The benefits system

19 February 2011
In the UK, benefits chew up 28% of government income, and the ever-rising costs are not clearing the problems they are intended to fix. A fundamental problem with the benefits system is its complexity, which in turn means it tends to benefit those who know the system. In other words those who either are on a welfare lifestyle, or have paid someone to see how much can be claimed. It is estimated that 15-25% of eligible benefits goes unclaimed, with the dole being one of the lowest at under 65%. Having looked into the system, it is in dire need for reform, as it seems it is a system intended for the benefit of an army of administrators.

The Universal Credit is intended to fix the worse of the problems presented below, although in the short-term the simplification might actually increase welfare spending. However combining all income-related benefits into a single payment is the only way a smooth tapering of benefits can be done, and although the administrators facing the axe won't like the changes, cutting back on the complexity is an inevitable part of the road that leads the UK away from default.

Benefit fraud & errors

Benefit fraud has been estimated to cost £900 million per annum. This might sound a lot, but this is small compared to the £4.2 billion that is lost due to errors. In other words losses due to people defrauding the system are minor compared to the losses caused by people screwing up. Crackdowns in general are just all talk, and there have been high-profile cases where there costs of investigations and prosecutions far outstripped the cost of the detected fraud. 1% lost to fraud is already low by international standards, and I suspect vendettas account for most fraud detections. Considering the complexity of the system fraud detection initiatives tends to pull up people who happen to have ticked the wrong box rather than those who systematically milk the system.

Housing benefit

Housing benefit takes up £24 billion per year, which is a bit less than the entire transport budget. It is only a slice of how much is spent on benefits overall, but it is also the slice where individual claims themselves are big in themselves.
Mansions on benefits
Although there are not that many families that go to the extreme of claiming £170,000, it does bring into question whether the state should subsidise people to breed. General prognosis for such children is for themselves to have a life on welfare. Having a family is one thing, but these are cases of large families that would be unsustainable if supported via actual salaries. To financially support such a family would quite likely preclude at least one of the parents from spending much time with the children.
The ill-feeling
Even a relatively common £20,000 handout equates to a pre-tax salary of £28,100, and to pay for this £20,000 handout would require close to the entire Income Tax takings of four people on £28,100. Take account that this £20,000 is just housing cost and factor in other living costs, and sustaining the same lifestyle requires someone to be at least pretty close to the 50% income tax threshold.

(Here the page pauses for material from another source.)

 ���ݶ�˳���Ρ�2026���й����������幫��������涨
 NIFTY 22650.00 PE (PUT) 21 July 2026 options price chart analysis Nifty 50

And this is even before considering those who claim higher amounts, where a single claimant family is being paid for by pretty much by all the taxes everyone else on the street pays. Don't mention spare time either..
Cost-blind handouts
Part of the reason for the high housing bill is that there was no incentive to keep rents downs. With price-insensitive tenants, landlords were able to charge above market rate, and this in turn quite likely helped drive up private lets. The £2,000 per week cap is still £104,000 per annum, and even then it is more a potential veto than an actual cap

Middle-class benefits

Some benefits do not even have any means-testing, and allowing middle classes to claim then is basically a way of blunting benefits from the criticism of being a nothing-for-something for those who pay the taxes that fund them. However it means that the government are well embedded as far as most people are concerned, and it is intended to make it practically impossible to change the system without pissing off a lot of people.

Perverse incentives & rampant duplication

For those on very low incomes, withdrawal of benefits with rising income means people work for next to nothing. Due to tapering, there are many instances where someone working on minimum wage is only better off by 24p working. A bit under £2 for a full day's work is not exactly an incentive when it only just about covers the bus fare to and from work. To make matters worse, those working under 15 hours (or not at all) fall under unemployment benefit, whereas those working 16 or more fall under Working Tax Credits. And there is a very nasty seam between these two systems. Some people are put off just by trying to work out whether taking on a few extra hours of work actually makes them better off, and for people who do regularly straddle this seam it is a bureaucratic nightmare. Different agencies all requiring similar information to do different assessments, with the predictable costs in task duplication.

The bill, sir

Welfare is the UK's top budget expenditure, and at £190 billion is not that far off the second and third budget items (NHS spending and Education, totalling £207bn) combined. It also is roughly the size of the country's deficit. It certainly needs to come down in the long-term, but given that the issue was shelved during a boom, it also has to be cut in the shorter-term. A 1% cut to the welfare bill (£1,00 million) corresponds to about 41% of the country's University teaching budget, and is significantly more than the entire HEFCE research budget. Ring-fencing of the Heath budget is already an expensive ring-fence, and to protect Welfare as well would require wholesale elimination of whole other departments.